What is being asked
Give back exactly the line containing "a bunch of spider" and all that follow it in the data below, with the pictures left out.

Data below

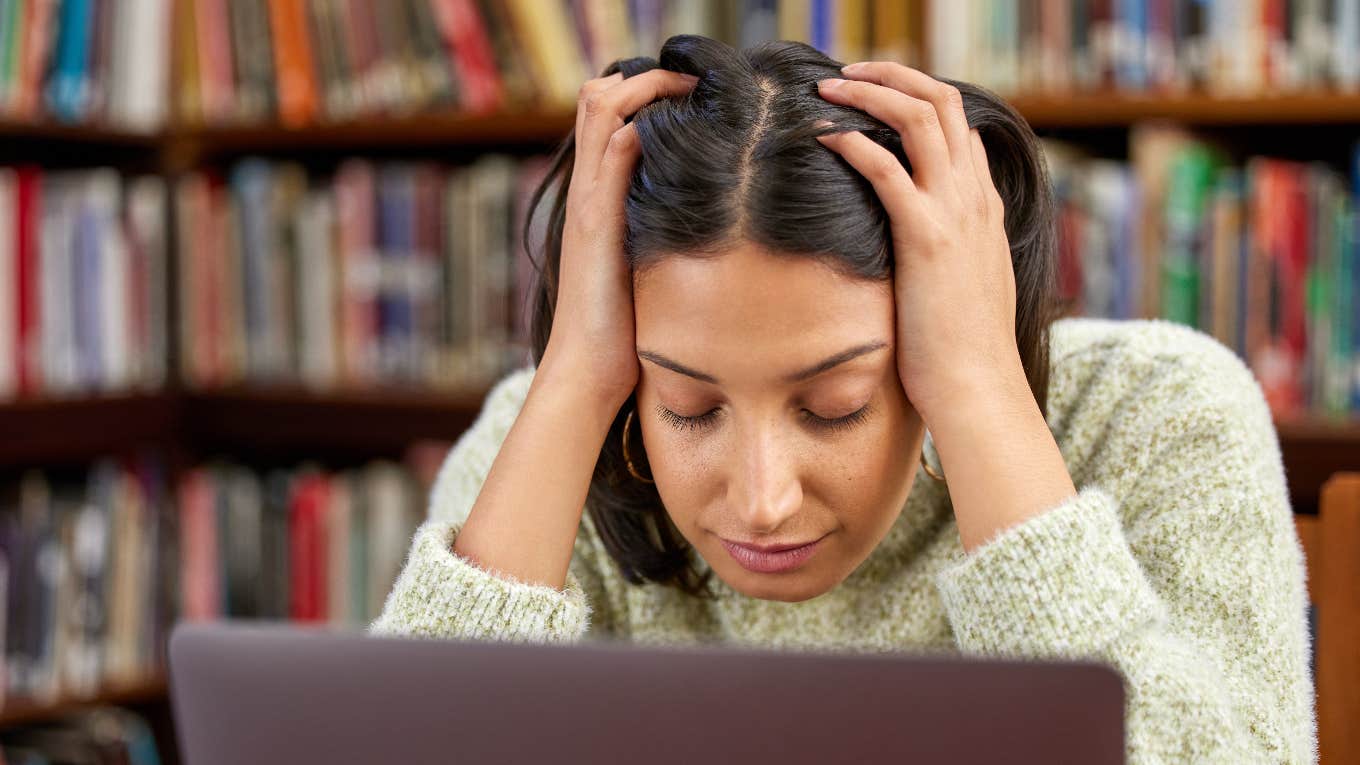 Science Says You're a Creative Genius If You're Annoyed By This One Thing woman distracted while working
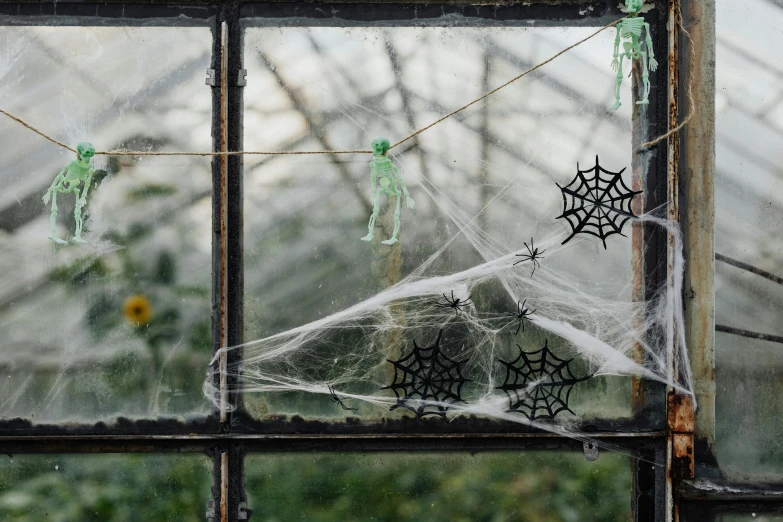 a bunch of spider webs hanging from a window, temporary art, painted metal and glass, exclusive, candy decorations, profile image
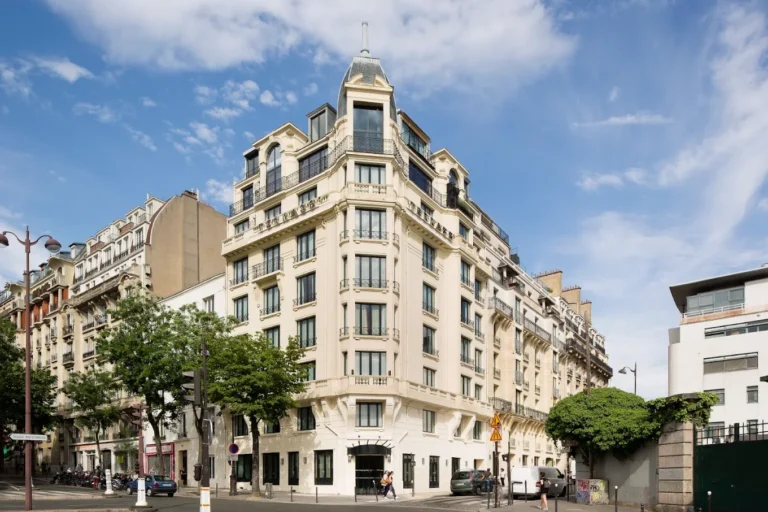 Exterior of Terrass Hôtel in Montmartre, Paris, featuring its elegant historic corner façade under a blue sky.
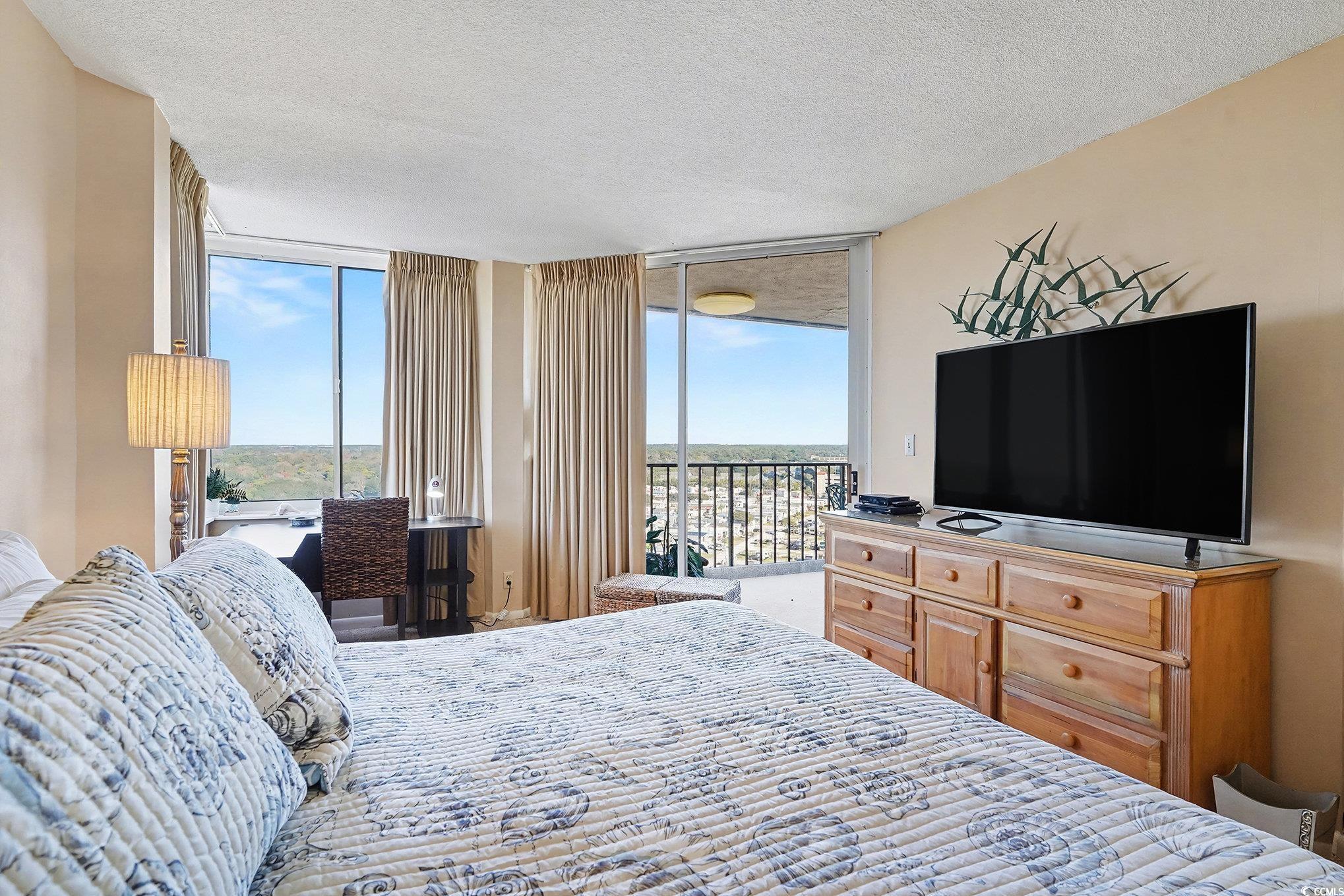 9650 Shore Drive, Unit 1507 Myrtle Beach, SC 29572 - Photo 11 of 39 Bedroom featuring a textured ceiling, floor to ceiling windows, access to outside, and multiple windows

Solution to the problem
 a bunch of spider webs hanging from a window, temporary art, painted metal and glass, exclusive, candy decorations, profile image
 Exterior of Terrass Hôtel in Montmartre, Paris, featuring its elegant historic corner façade under a blue sky.
 9650 Shore Drive, Unit 1507 Myrtle Beach, SC 29572 - Photo 11 of 39 Bedroom featuring a textured ceiling, floor to ceiling windows, access to outside, and multiple windows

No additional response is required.